There's nothing flakey about it

The new apartment is so much bigger than my previous place. That means that several items which I’ve had in storage are actually being used — or prominently on display.

Sunday afternoon I was cleaning up and organizing my bedroom, one of the last rooms in the house to be tended to. (I never got my bedroom painted in my old apartment, despite living there for 18 months). I took my box of Flutie Flakes and put them on top of my dresser, surrounded by a couple of stuffed hedgehogs and a stuffed bear.

And my girlfriend immediately started picking on me!

You’re thinking she was picking on my for owning stuffed animals, right? That’s where I thought she was going to go when she started laughing. I mean, what self-respecting adult male has a collection of stuffed animals that he keeps on display?

But, no, she had seen the hedgehogs and the polar bear before. It was the Flutie Flakes that apparently drew her attention.

The box is in pristine condition — still unopened. They go for about $10 on eBay. Of course, I didn’t know that until about 30 seconds ago because I’ve never considered selling it.

For one, it provides “10 essential vitamins and minerals.” For another thing, it’s kind of signed. In the same manner that all first-edition Flutie Flakes were signed. And lastly (this may be key), my dad gave it to me.

“I’ll bet 10 percent of men in Western New York still have a box of Flutie Flakes,” I told her.

She seemed to doubt this supposition on my part and contends that any self-respecting male that does have a box of Flutie Flakes has them hidden in a closet somewhere so his wife or girlfriend won’t throw it out.

I know I’ve said previously that I’m not a huge sports fan, but c’mon. Doug Flutie? How could you not like the guy. For a while, he was the hero of 50 percent of guys in the Buffalo area. The other 50 percent, for some reason, hated him.

Maybe she’s right.
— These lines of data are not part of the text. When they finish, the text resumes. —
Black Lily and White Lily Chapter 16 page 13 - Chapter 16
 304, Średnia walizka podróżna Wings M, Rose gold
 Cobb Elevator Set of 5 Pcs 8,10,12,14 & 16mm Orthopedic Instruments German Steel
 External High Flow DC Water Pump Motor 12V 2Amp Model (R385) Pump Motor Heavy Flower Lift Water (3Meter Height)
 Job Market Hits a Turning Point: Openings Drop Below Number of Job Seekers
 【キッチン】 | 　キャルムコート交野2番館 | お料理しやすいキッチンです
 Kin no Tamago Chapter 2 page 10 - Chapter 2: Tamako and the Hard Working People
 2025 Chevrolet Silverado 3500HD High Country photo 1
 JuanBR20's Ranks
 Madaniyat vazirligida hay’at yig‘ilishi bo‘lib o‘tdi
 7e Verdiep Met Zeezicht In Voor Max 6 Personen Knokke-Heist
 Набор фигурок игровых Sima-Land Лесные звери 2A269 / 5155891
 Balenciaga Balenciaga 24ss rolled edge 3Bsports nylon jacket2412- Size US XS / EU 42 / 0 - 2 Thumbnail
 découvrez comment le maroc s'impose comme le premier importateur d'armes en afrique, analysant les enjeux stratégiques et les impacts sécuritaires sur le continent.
Maybe the “shrine” (her words not mine) to the Flutie Flakes is a bit much.

Eventually, they’ll end up on a shelf along with other items she’ll think should embarrass me but don’t, like my tin Labatt Blue sign which she suggested should go in the “man cave” (attic).

But for now, my box of Flutie Flakes will be prominently displayed in my bedroom — where no one other than her or I will see them.

But I have to ask you guys, where do you keep yours?